#### [Records for the exercise]
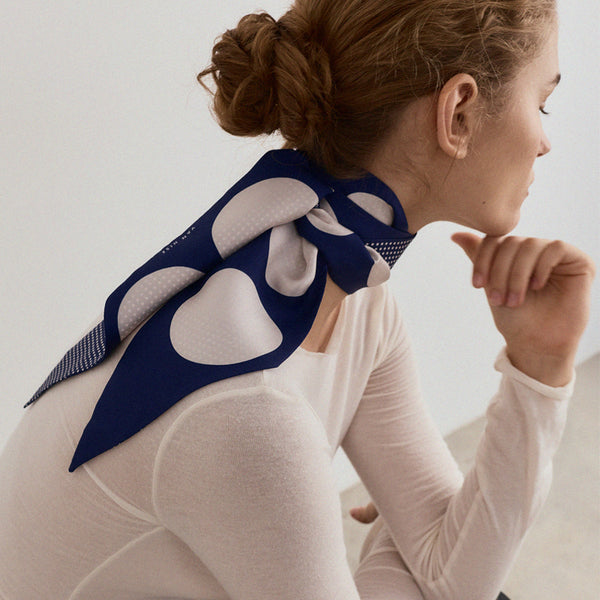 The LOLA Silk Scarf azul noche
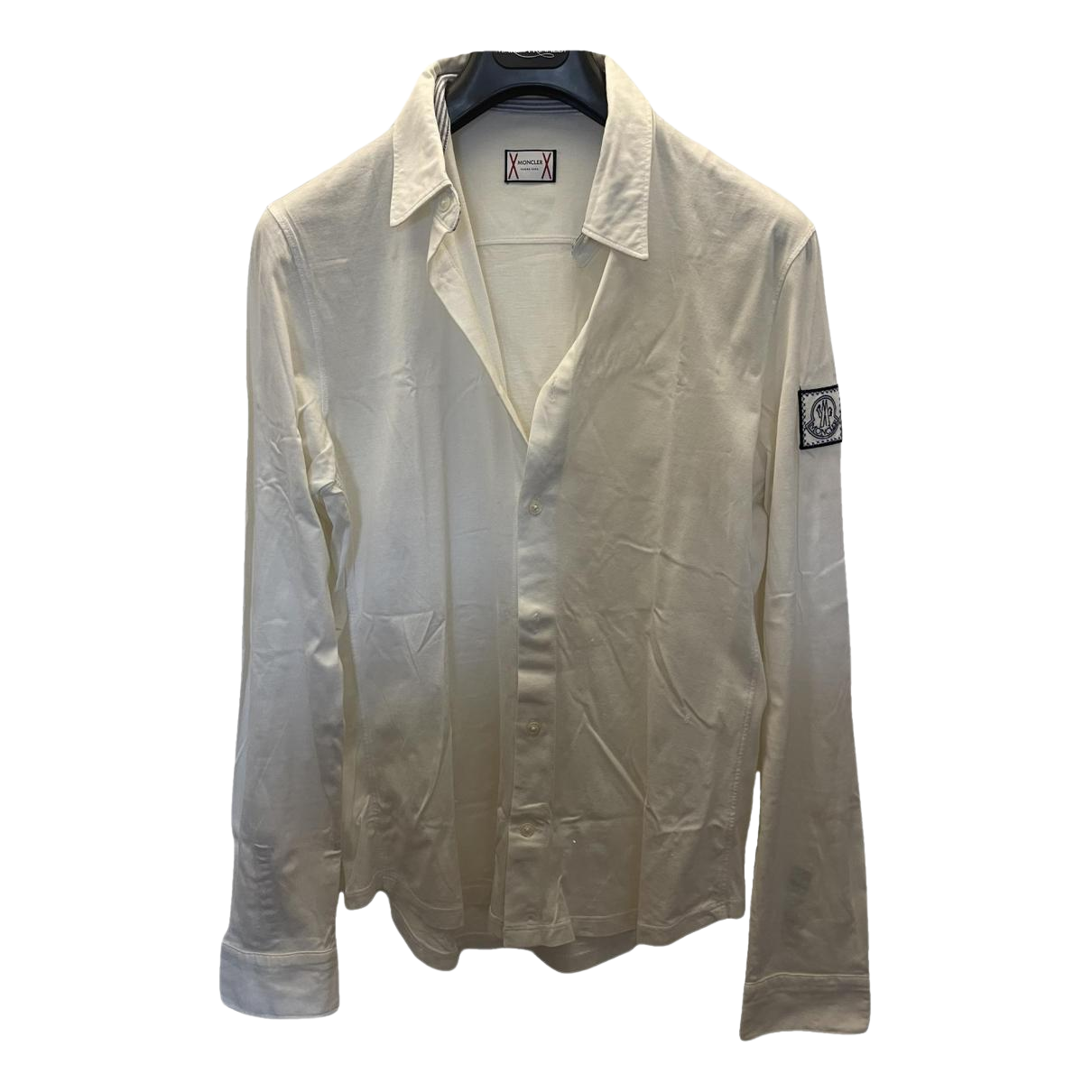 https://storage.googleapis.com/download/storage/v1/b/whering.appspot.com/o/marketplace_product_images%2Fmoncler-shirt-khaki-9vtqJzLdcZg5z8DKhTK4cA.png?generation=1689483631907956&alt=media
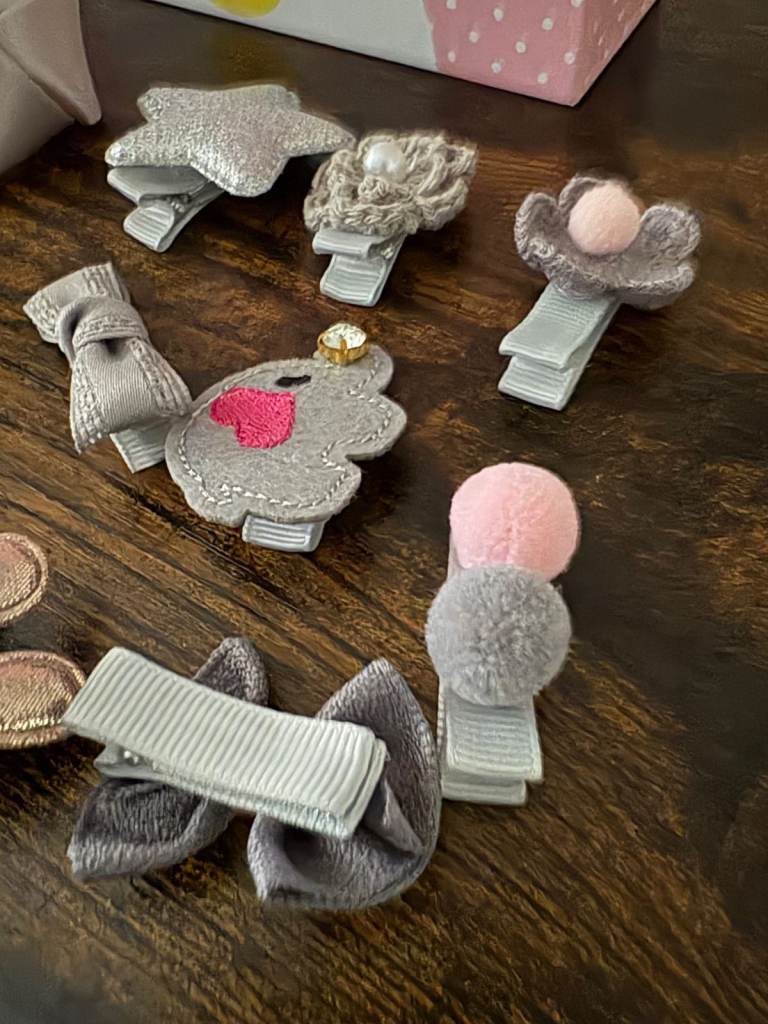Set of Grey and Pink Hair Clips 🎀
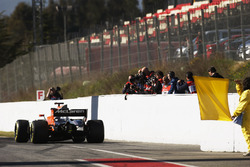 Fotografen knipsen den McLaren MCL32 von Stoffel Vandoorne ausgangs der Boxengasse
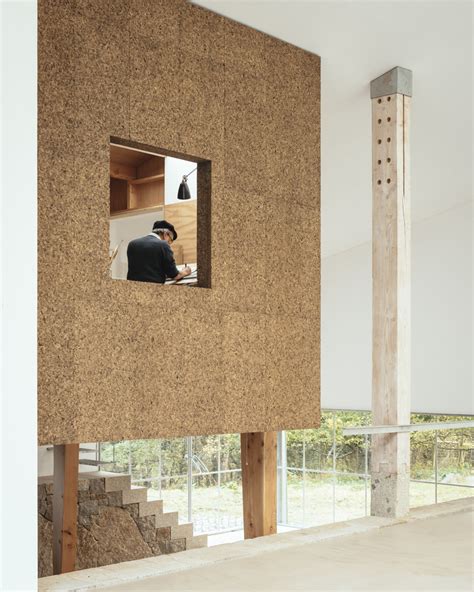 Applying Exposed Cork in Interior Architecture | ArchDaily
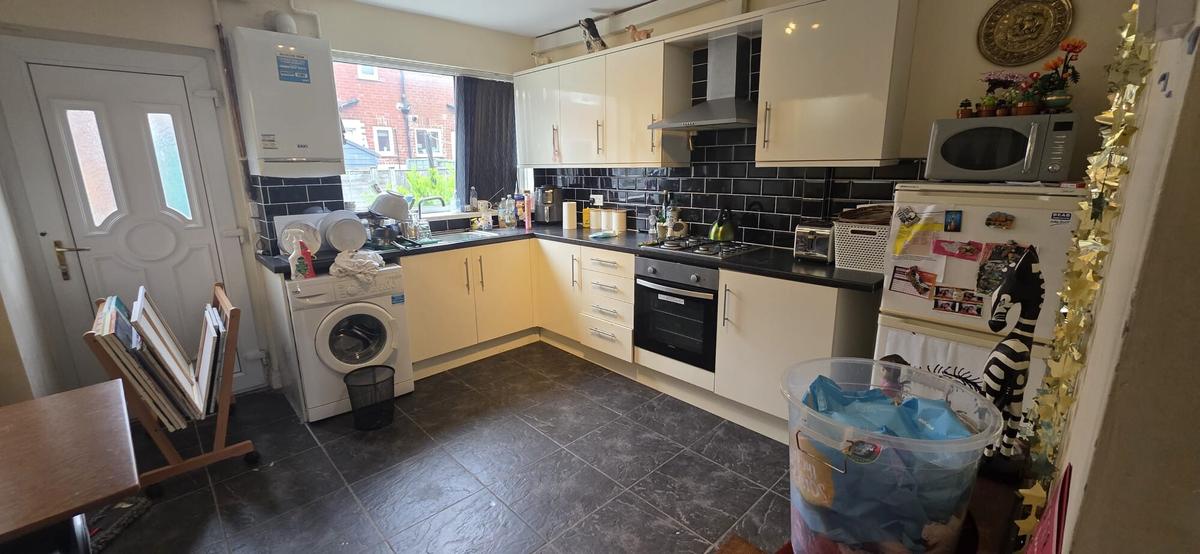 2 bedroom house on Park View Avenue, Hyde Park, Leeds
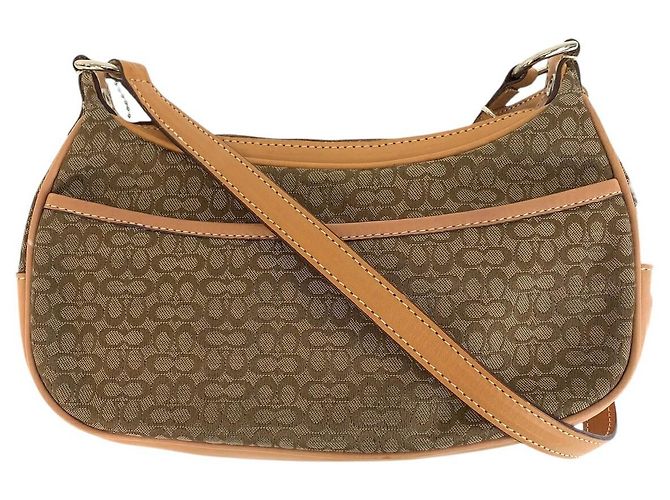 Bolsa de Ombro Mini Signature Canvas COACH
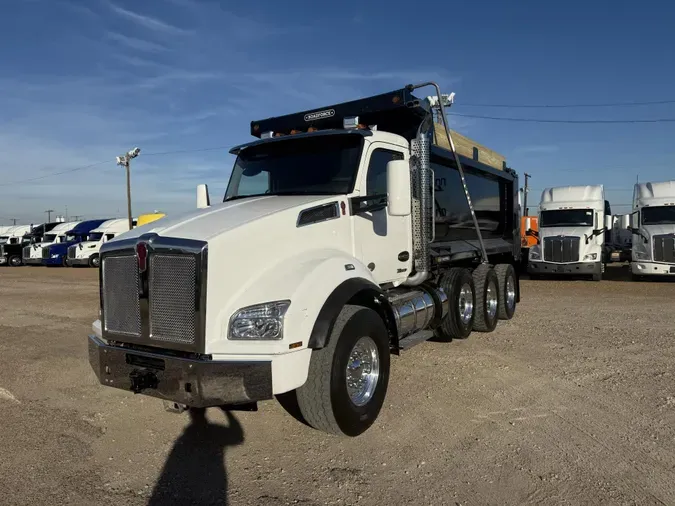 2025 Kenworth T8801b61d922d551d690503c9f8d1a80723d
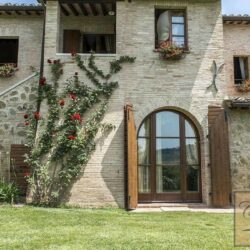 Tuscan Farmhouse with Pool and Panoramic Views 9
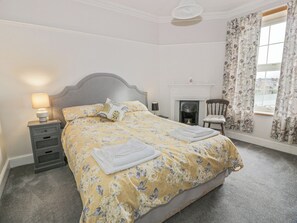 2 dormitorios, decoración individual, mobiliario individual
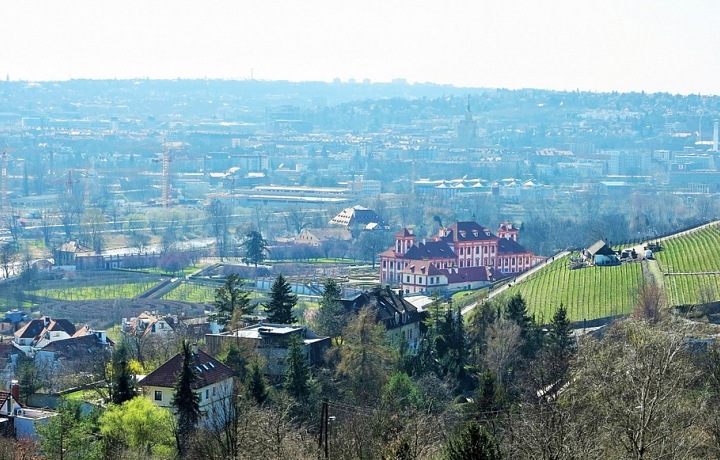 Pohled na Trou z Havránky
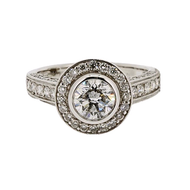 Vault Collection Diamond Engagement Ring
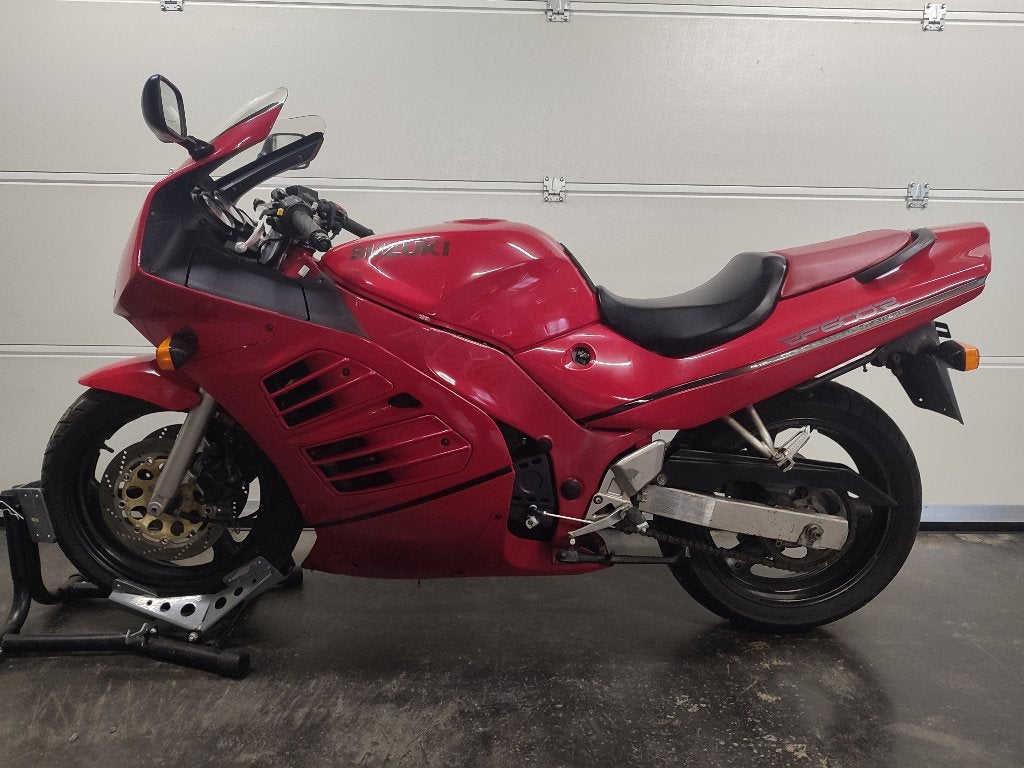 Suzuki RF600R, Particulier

#### [Goal of the exercise]
Print every entry verbatim and leave all pictures out.

#### [Solution to the exercise]
 The LOLA Silk Scarf azul noche
 https://storage.googleapis.com/download/storage/v1/b/whering.appspot.com/o/marketplace_product_images%2Fmoncler-shirt-khaki-9vtqJzLdcZg5z8DKhTK4cA.png?generation=1689483631907956&alt=media
Set of Grey and Pink Hair Clips 🎀
 Fotografen knipsen den McLaren MCL32 von Stoffel Vandoorne ausgangs der Boxengasse
 Applying Exposed Cork in Interior Architecture | ArchDaily
 2 bedroom house on Park View Avenue, Hyde Park, Leeds
 Bolsa de Ombro Mini Signature Canvas COACH
 2025 Kenworth T8801b61d922d551d690503c9f8d1a80723d
 Tuscan Farmhouse with Pool and Panoramic Views 9
 2 dormitorios, decoración individual, mobiliario individual
 Pohled na Trou z Havránky
 Vault Collection Diamond Engagement Ring
 Suzuki RF600R, Particulier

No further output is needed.